Summit responded in an announcement, claiming South Dakota “changed the rules in the middle of the game.” The company is continuing to seek regulatory approval in South Dakota for its pipeline route.
“This type of regulatory instability poses significant hurdles — not only for our endeavor, but also for the ethanol facilities in South Dakota, which now face competitive challenges compared to those in nearby states,” Summit stated. “These barriers are present, yet our project advances in states that embrace investment and innovation. More developments will follow shortly.”
The proposed pipeline plans to carry emissions from multiple ethanol production sites across five states, ultimately storing them underground in North Dakota.
This initiative has sparked substantial opposition from property owners concerned about land acquisition for the pipeline and the threat of leaks.
Property rights stir strong feelings in South Dakota, evidenced by voters declining a suite of regulations last year. Critics argued these regulations would limit local control over such projects, consolidating power with state regulators. Proponents dubbed it a “landowner bill of rights.”
The new law declares, “Notwithstanding the provisions of any other law, a person may not exercise the right of eminent domain to acquire right-of-way for, construct, or operate a pipeline for the preponderant purpose of transporting carbon oxide.”
Eminent domain involves taking private property while compensating the owner.
Though Summit has secured route approvals in Iowa, North Dakota, and Minnesota, with plans for underground storage, South Dakota regulators dismissed their permit request earlier in 2023. New proceedings are now active.
The pathway forward for Summit without the ability to construct in South Dakota remains uncertain.
Proponents view carbon capture initiatives like Summit’s as potential solutions to combat climate change and bolster the ethanol sector.

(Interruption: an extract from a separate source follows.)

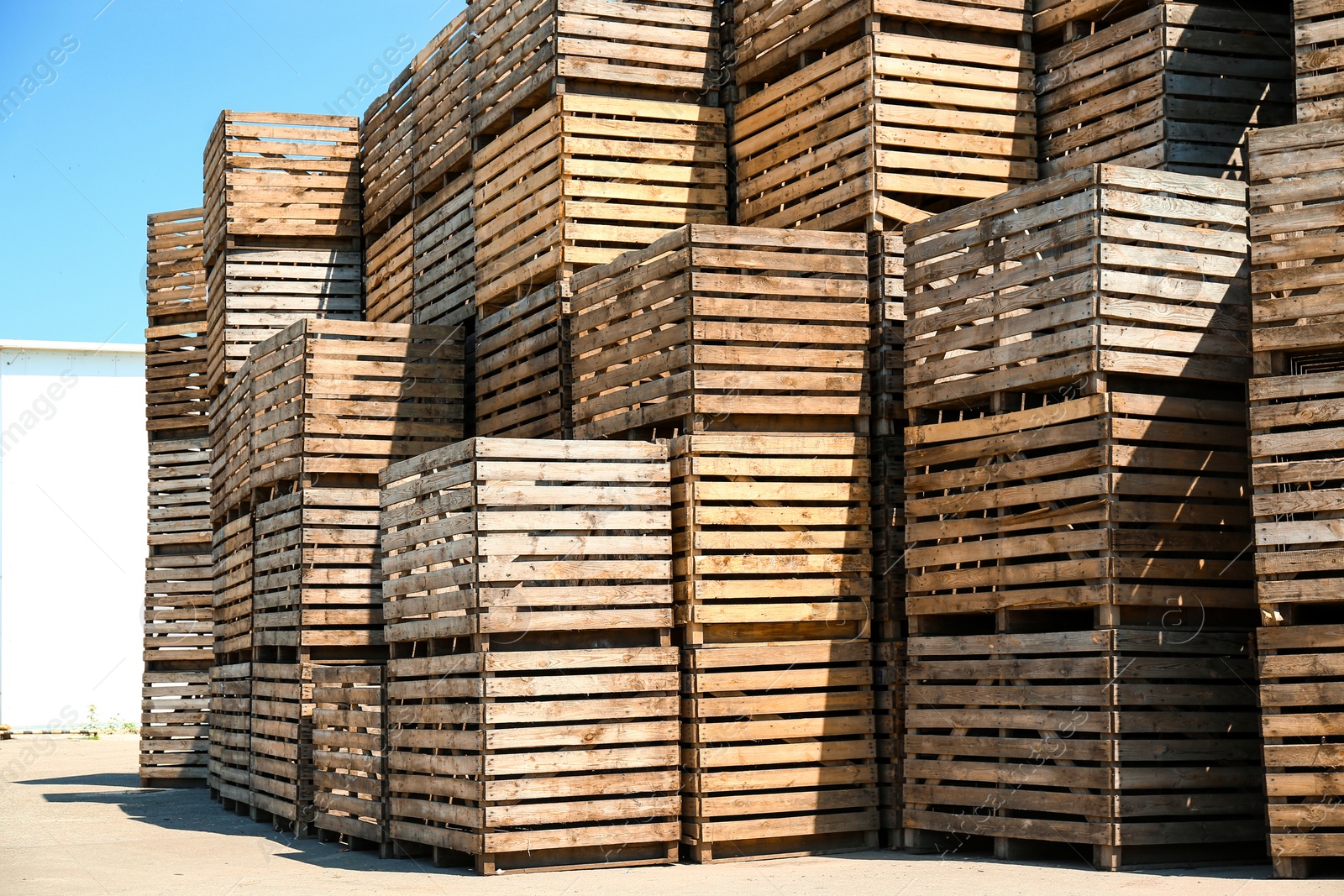 Photo of Pile of empty wooden crates outdoors on sunny day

However, critics question large-scale efficacy and argue they perpetuate fossil fuel reliance.
Carbon capture projects attract substantial federal tax incentives, designed to promote cleaner ethanol production and potentially transform corn-based ethanol into aviation fuel.
Republican Representative Karla Lems, an adversary of Summit, expressed approval for the new law, criticizing Summit for its forceful tactics against landowners, and stated the project is predominantly about tax benefits.
Monte Shaw, Executive Director of the Iowa Renewable Fuels Association, deemed South Dakota’s decision unfortunate for surrounding states, describing it as “an unnecessary roadblock” between “Midwest corn farmers and valuable new markets.”
“The global demand for ultra-low carbon ethanol is extensive, and ultimately, no single state will stop the ethanol industry from tapping into that market,” Shaw affirmed.
Opponents counter that the reduction in greenhouse gases achieved through these processes is minor and could encourage increased corn production despite associated environmental concerns.